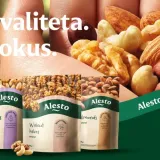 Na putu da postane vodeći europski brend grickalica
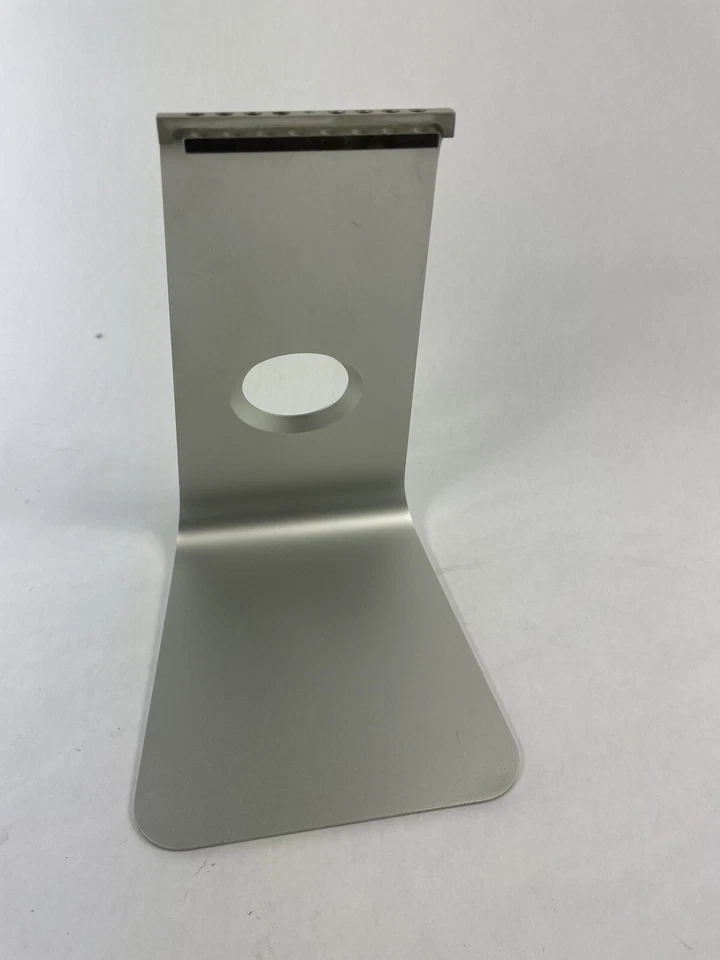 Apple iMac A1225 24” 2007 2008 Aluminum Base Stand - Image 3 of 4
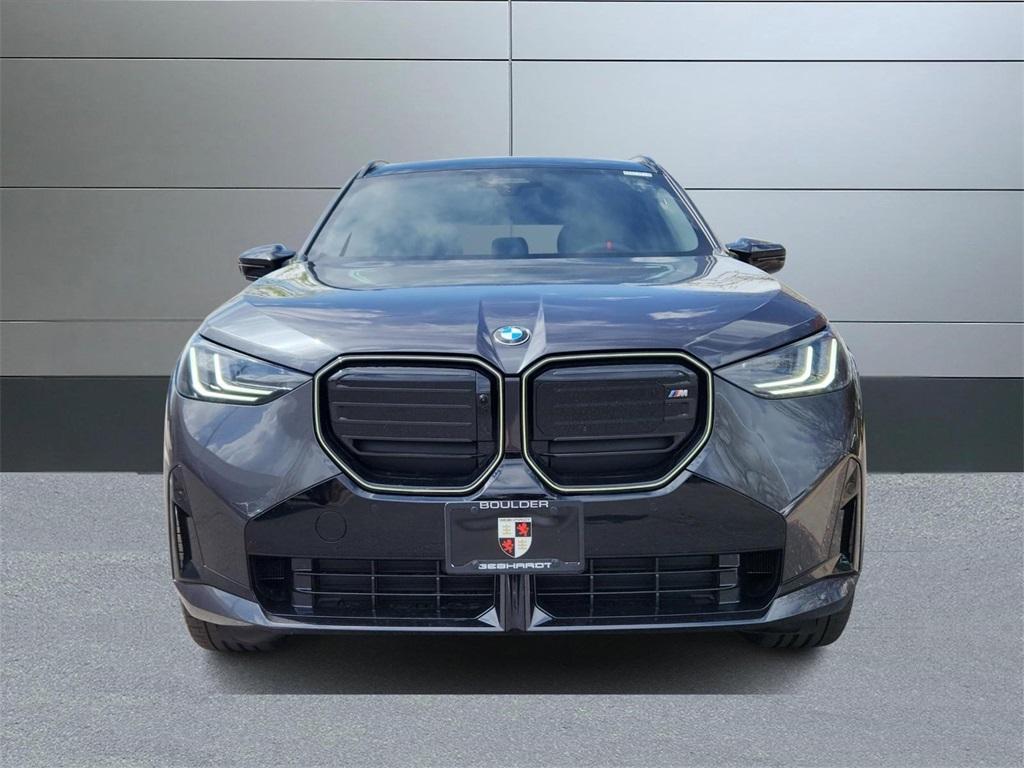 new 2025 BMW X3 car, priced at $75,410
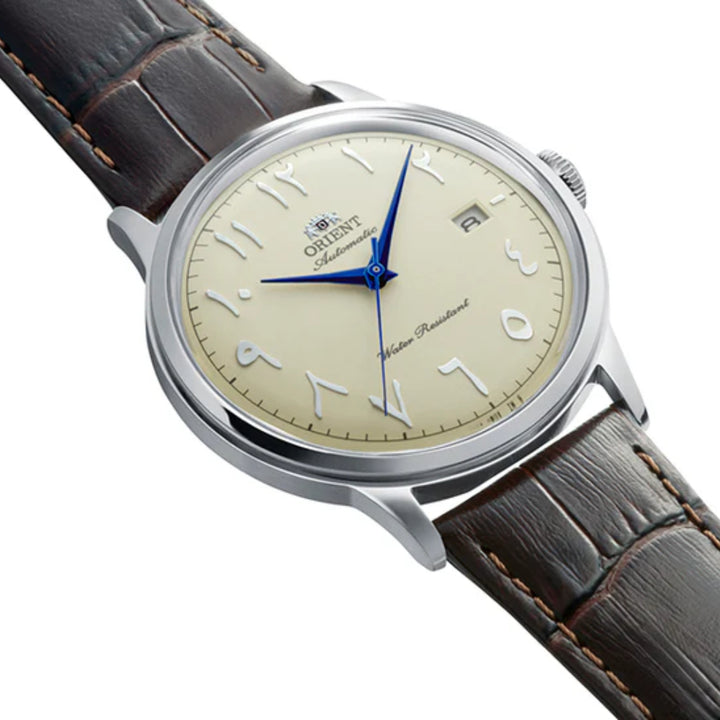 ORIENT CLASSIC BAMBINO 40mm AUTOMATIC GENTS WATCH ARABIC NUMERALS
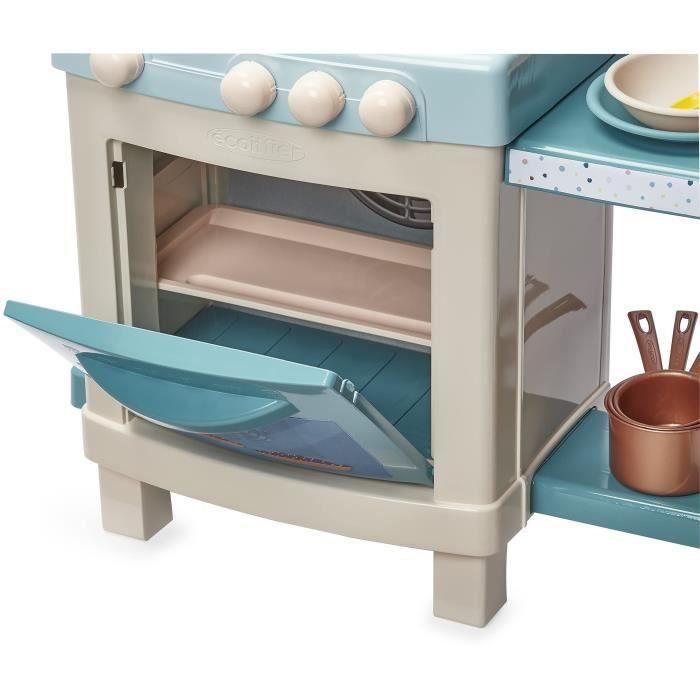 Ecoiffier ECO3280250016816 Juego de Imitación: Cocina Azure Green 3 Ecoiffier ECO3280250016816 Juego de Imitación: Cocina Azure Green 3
======
Quote, word for word and nothing more, every line from the line with "new 2025 BMW X3 car, priced at $75,410" to the end of the entries, including both ends; skip any pictures.

◆ RESULT OF THE EXERCISE
 new 2025 BMW X3 car, priced at $75,410
 ORIENT CLASSIC BAMBINO 40mm AUTOMATIC GENTS WATCH ARABIC NUMERALS
 Ecoiffier ECO3280250016816 Juego de Imitación: Cocina Azure Green 3 Ecoiffier ECO3280250016816 Juego de Imitación: Cocina Azure Green 3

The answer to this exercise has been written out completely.